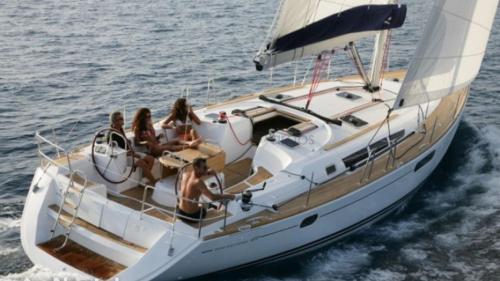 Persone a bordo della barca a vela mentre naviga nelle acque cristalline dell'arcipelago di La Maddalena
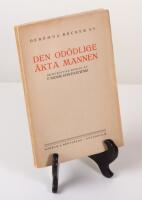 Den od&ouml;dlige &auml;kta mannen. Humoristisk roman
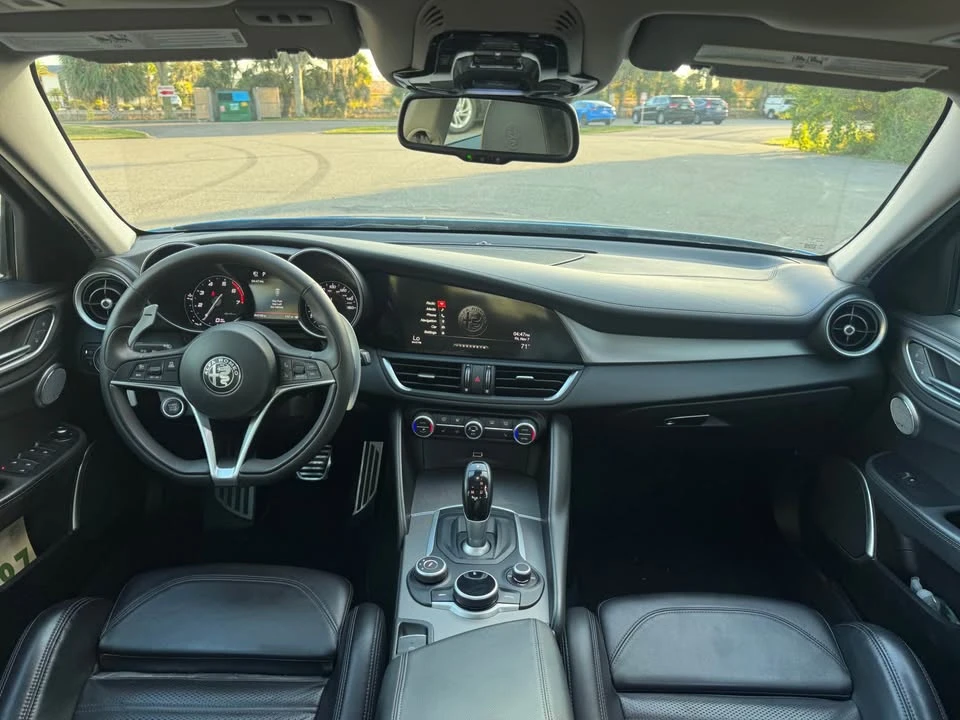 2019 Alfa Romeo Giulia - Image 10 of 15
──────────
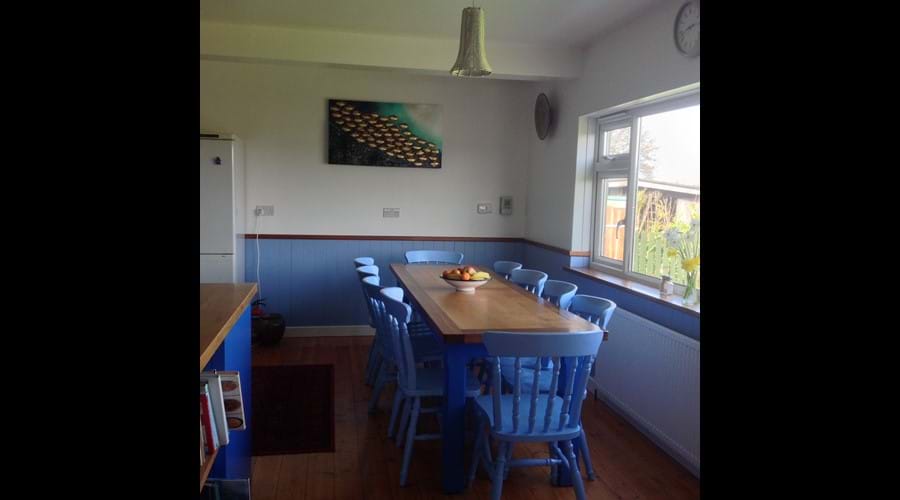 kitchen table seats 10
──────────
Look above for the line with "Den od&ouml;dlige &auml;kta", then give again exactly every line from there through the line with "2019 Alfa Romeo Giulia - Image 10 of 15", skipping the pictures.

 Den od&ouml;dlige &auml;kta mannen. Humoristisk roman
 2019 Alfa Romeo Giulia - Image 10 of 15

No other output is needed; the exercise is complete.